The Plot Against the Giant
There are indeed girls, but "girl" isn't necessarily non-sexual. Young
women can be girls, depending on the perspective.
If it's the perspective of a big, mighty giant, which I think is both
Stevens and men in general (and more generally still, people), then young
women might seem like "girls." Each girl stops the giant with something
progressively more stopping than the last. The first just checks, the
second abashes, and the third undoes. What are the first, second, and
third? the first is smell, yes, but it's also nature. The scents come only
from the flowers. This checks the giant as it checks Stevens and it checks
us. The second is human artistry -- craft, but not necessarily poetry. For
Stevens I think this can stop the Giant still more than nature alone.

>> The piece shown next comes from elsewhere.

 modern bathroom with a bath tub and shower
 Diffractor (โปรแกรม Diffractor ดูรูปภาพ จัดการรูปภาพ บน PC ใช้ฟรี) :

Finally, the third girls "undoes" him, seemingly with words. What does she
say? Heavenly labials. There's an obvious labial pun there. She whispers
something sexy. So the things that stop the Giant -- Stevens, men, and
people -- are most importantly words and sex. Words can "do."
from United Kingdom
Comment 2 of 4, added on December 3rd, 2005 at 9:02 PM.
What an odd comment from Tamra! There are three girls in the poem, and no
women. The poem compares three senses, scent, sight, and finally sound; the
last is the most powerful-- it "undoes" the giant-- because it is
self-reflexive, referring to poetry's origins in song.
Leo from United States
Comment 1 of 4, added on July 29th, 2005 at 6:59 PM.
Under a womans exterior is a hidden flower with the power to bend the will
of even a giant. Her submission is never a mistake.